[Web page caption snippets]
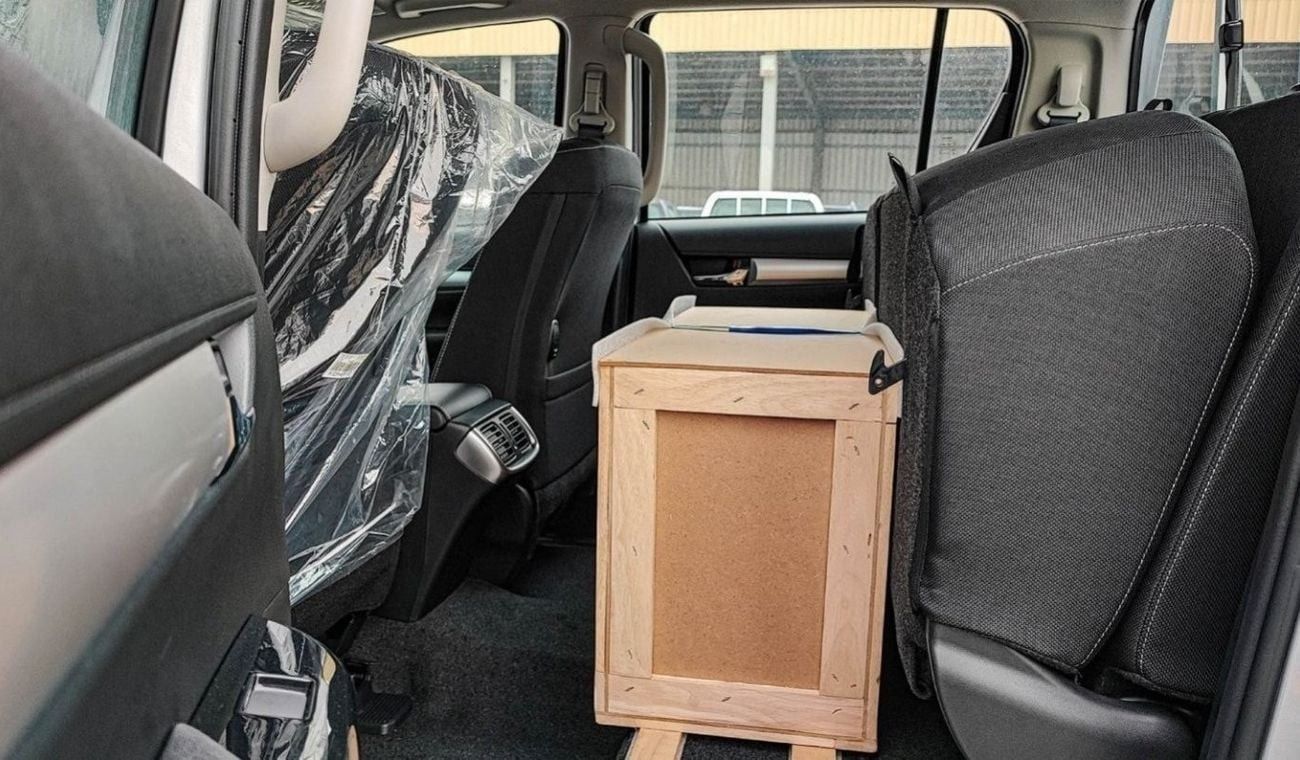 تويوتا هيلوكس HILUX 2.4L MT DIESEL
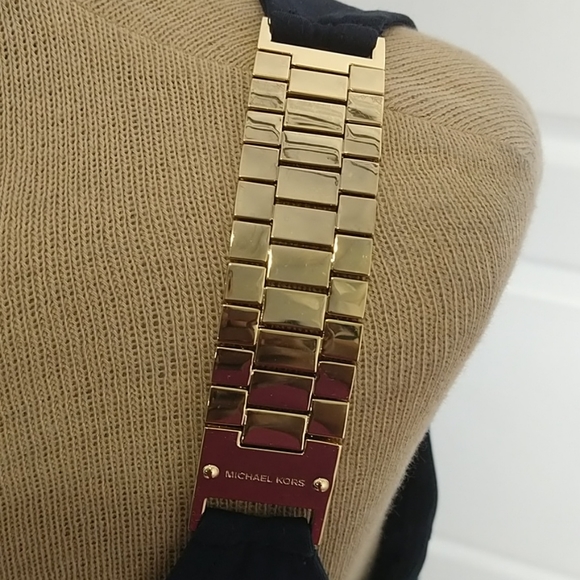 MICHAEL Michael Kors Sleeveless Dress - Picture 6 of 9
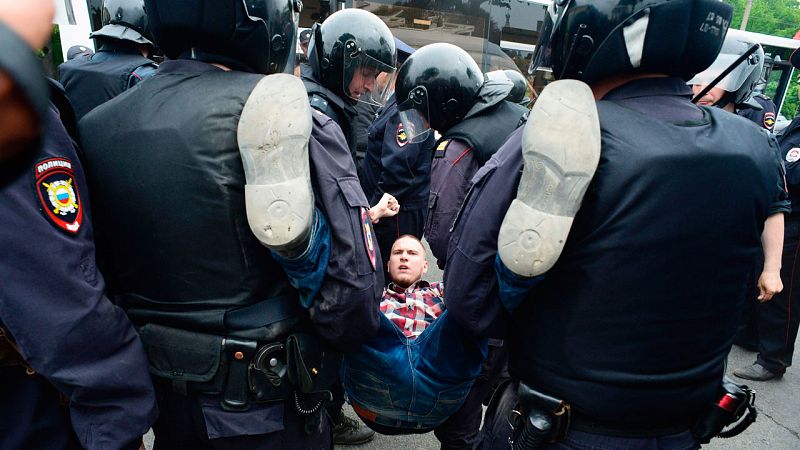 La policía rusa detiene a un manifestante en San Petersburgo.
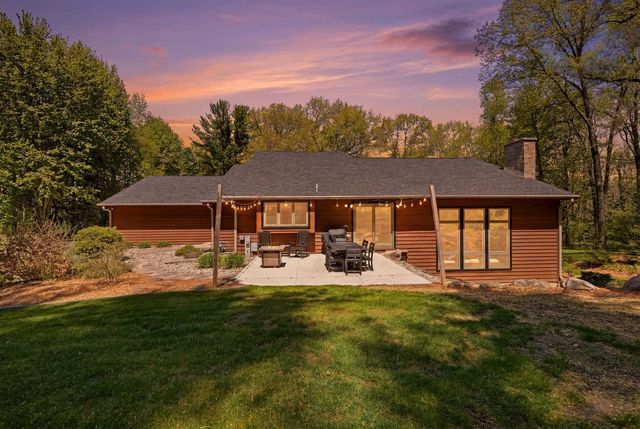 3658 Brandywood Court, Sun Prairie, WI 53590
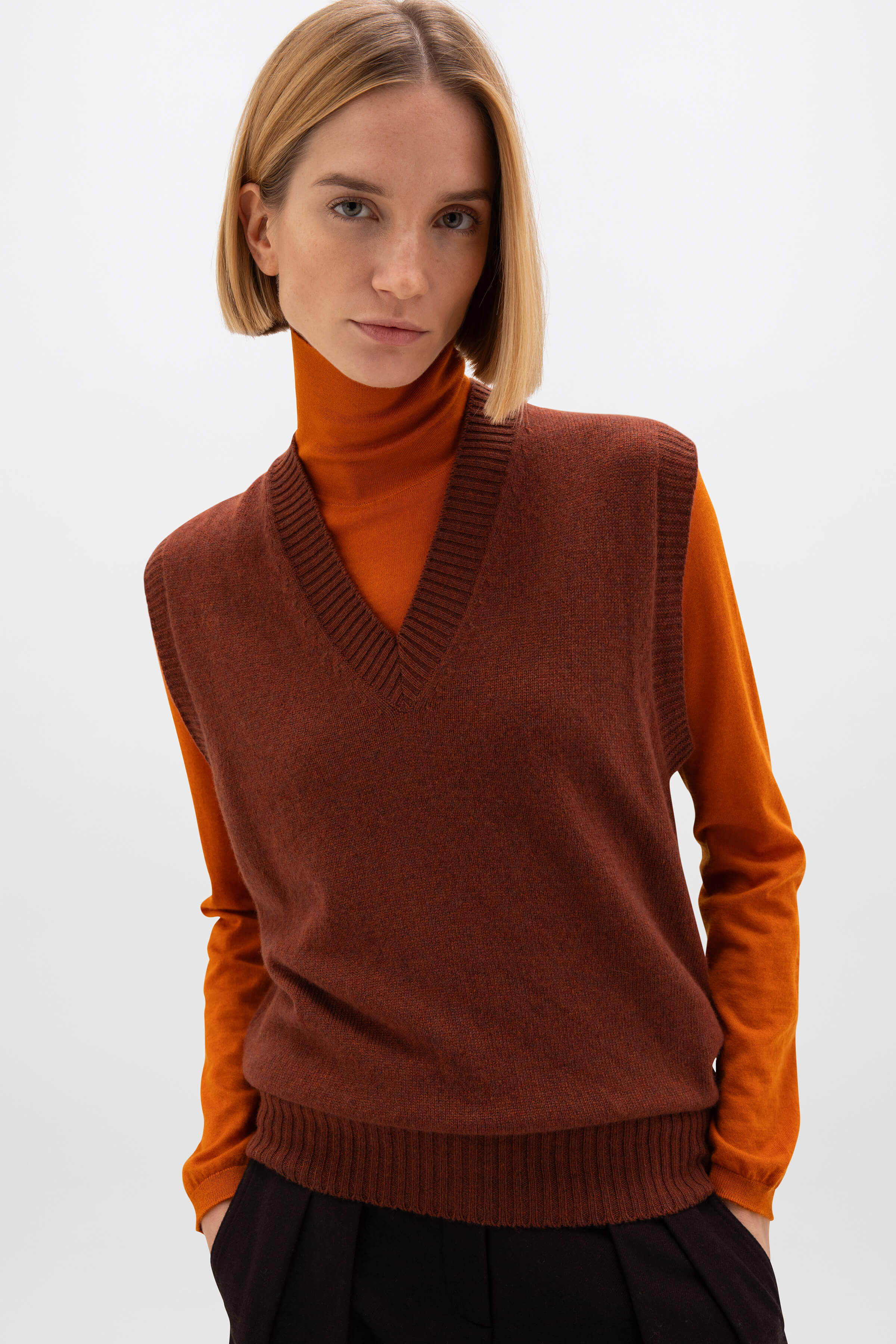 Johnstons of Elgin - Gauzy Cashmere Red Tank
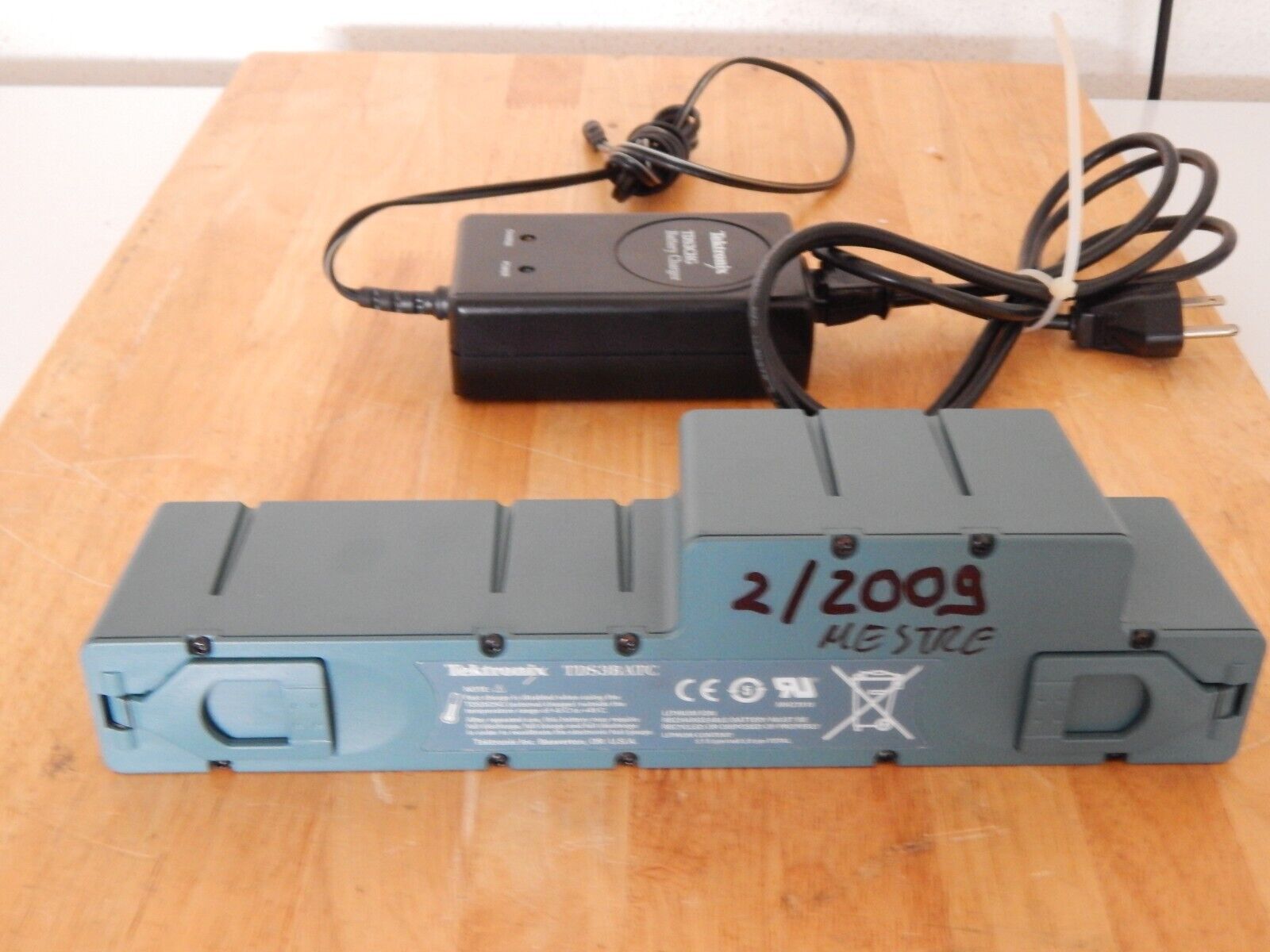 Tektronix TDS3BATC Lithium-Ion Battery Pack&Charger for TDS3000 B C Oscilloscope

(What you should do):
Every record above, copied exactly and without a single picture, makes up the answer.

(Answer below):
 تويوتا هيلوكس HILUX 2.4L MT DIESEL
 MICHAEL Michael Kors Sleeveless Dress - Picture 6 of 9
 La policía rusa detiene a un manifestante en San Petersburgo.
 3658 Brandywood Court, Sun Prairie, WI 53590
 Johnstons of Elgin - Gauzy Cashmere Red Tank
 Tektronix TDS3BATC Lithium-Ion Battery Pack&Charger for TDS3000 B C Oscilloscope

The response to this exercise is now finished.